Only recently, the federal government reportedly ordered all foreigners operating in the mining fields to close and leave within two days.

Meanwhile, the Nigerian Air Force (NAF) has announced that its Air Task Force for Operation DIRAN MIKIYA, has successfully destroyed the bandits’ logistics base at Ajia in Birnin Mogaji. Also, troops of “Operation Saharan Daji, last week claimed they killed 35 bandits, arrested many informants, including a notorious kidnapper, Mohammed Iso, who was reportedly arrested in Niger Republic through the collaboration of security forces in that country.

There had also been instances of attacks in other councils. In recent months, things have degenerated following a spate of gunmen attacks in Anka council area resulting in the killings of scores of people causing 20 communities to flee their villages. The emir of the council, Alhaji Muhammad Inuwa has threatened to seek the intervention of the United Nations (UN) to end the attacks. Until last year when he was reported killed, dreaded bandit, Tsoho Buhari, also known as ‘Buharin Daji’ terrorised many council areas of the state.

Recall that early last year, Sen. Kabiru Marafa, who represents Zamfara Central Senatorial District, captured the mood of the people in his report to his colleagues, when he disclosed that the state had been taken over by armed gangs.

He claimed that Zamfara state is now under the control of the militia and the state government know those who are terrorising the state, an allegation the government strongly denied, accusing the Senator of embarking on cheap publicity and positioning himself for governorship position. The feud between Gov. Yari and Sen. Marafa seems to have beclouded the enormous nature of the insecurity in the state. The elections are over, but not yet over in Zamfara.

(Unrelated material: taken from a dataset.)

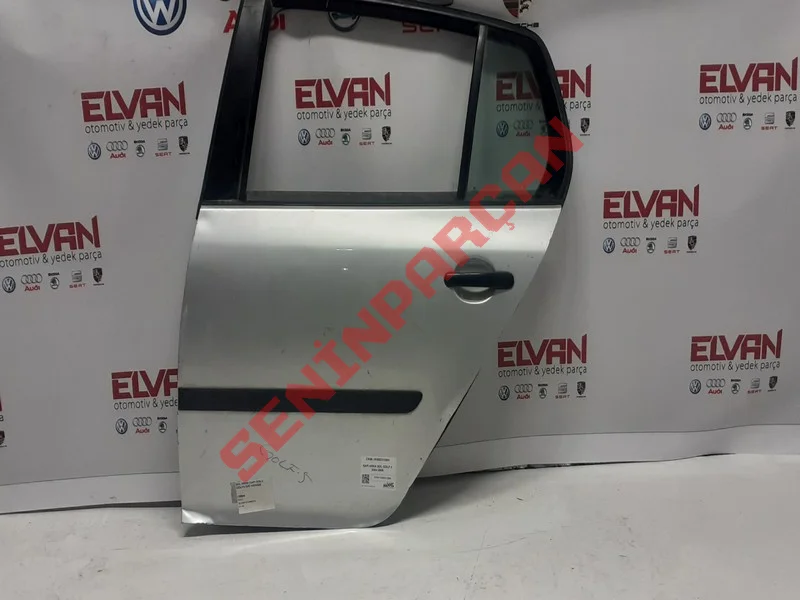 1K6833105H - KAPI PANELI DIS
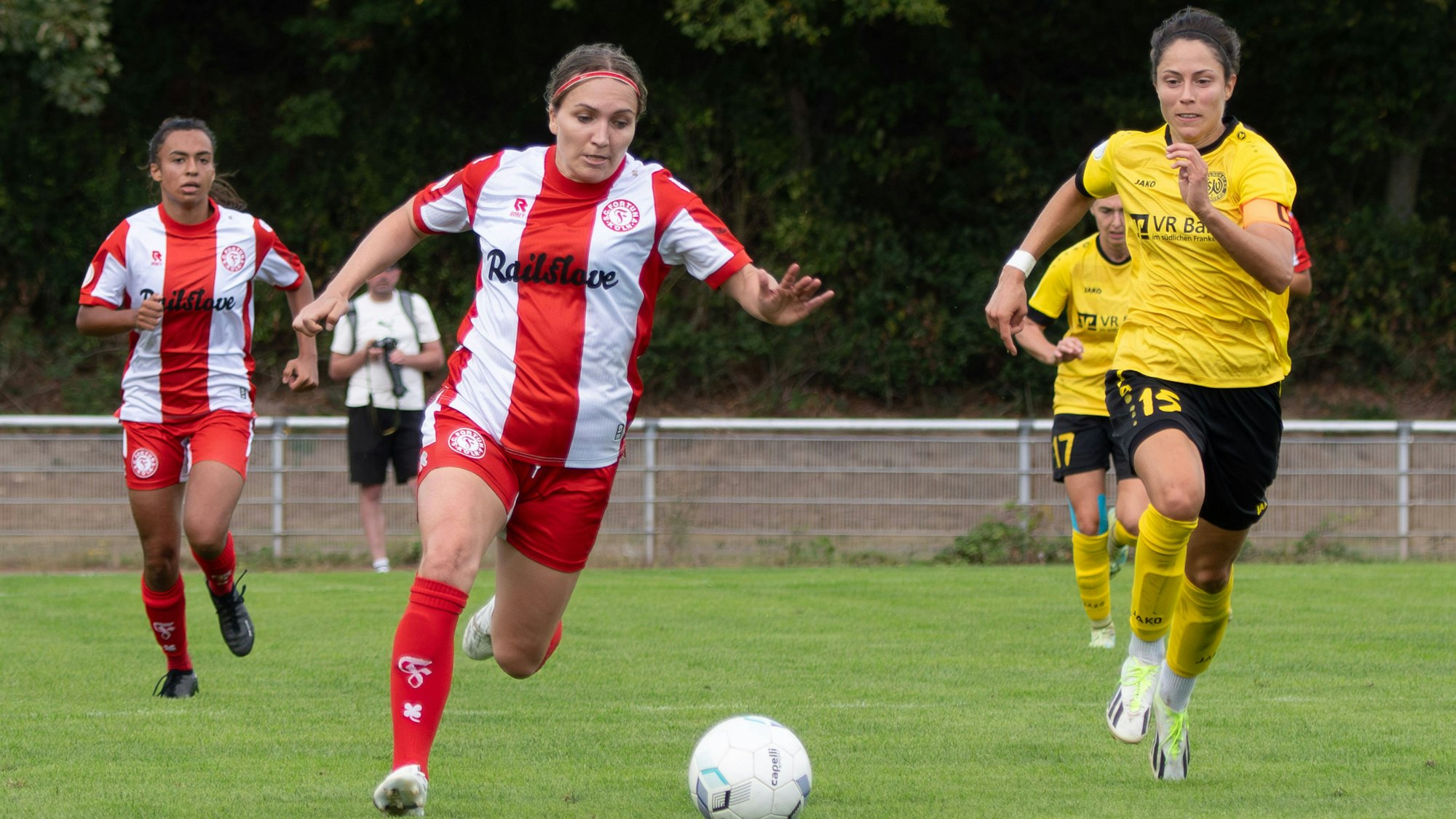 Cologne, Germany, September 8th 2024: Svenja Streller 16 Fortuna Köln goes forward during the DFB Pokal match between Fortuna Köln and SV 67 Weinberg at BZA Chorweiler, Merianstraße in Cologne, Germany. QIANRU Qianru Zhang/SPP PUBLICATIONxNOTxINxBRAxMEX Copyright: xQianruxZhang/SPPx spp-en-QiZh-DSC_0458-Enhanced-NR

But, try as he did, the allegation by governor Yari’s critics that he is hardly on his duty post, and therefore not being abreast with the real situation in the state, still sticks. The governor, perhaps overwhelmed by the challenges of insecurity in the state, last year called for emergency solution, just short of state of emergency in his state. 

The fact today is that the situation in Zamfara is desperate enough, and beyond the present blame game that has not helped matters at all. Zamfara calls for urgent help, not a resort to self-help or fatalism.

This was the type of attitude one of the leaders from the state put up, when at the height of meningitis scourge in the state and the attendant death toll, he casually dismissed it as punishment from God on the people for their high incidence of immorality. What the people of Zamfara need is practical solution to end the present insecurity and killings in the state.

The task to get it right this time around, is becoming more demanding, and perhaps slipping away. The present situation must be reversed. But bad as it is now, it is the burden the state has to live with unless the current efforts to bring back normalcy in the state succeed.  On the governance scale, the fate of the citizens hangs in the balance few weeks to the inauguration of new administrations across the country.

The uncertainty is as a result of a recent judgment of the Court of Appeal, sitting in Sokoto, which voided all elected officials on the platform of the All Progressives Congress (APC) in the state. This is the result of crisis that attended the party’s primaries last year. If the Supreme Court affirms the decision of the appellate court, Zamfara might be in a constitutional crisis with far reaching implications than we can imagine.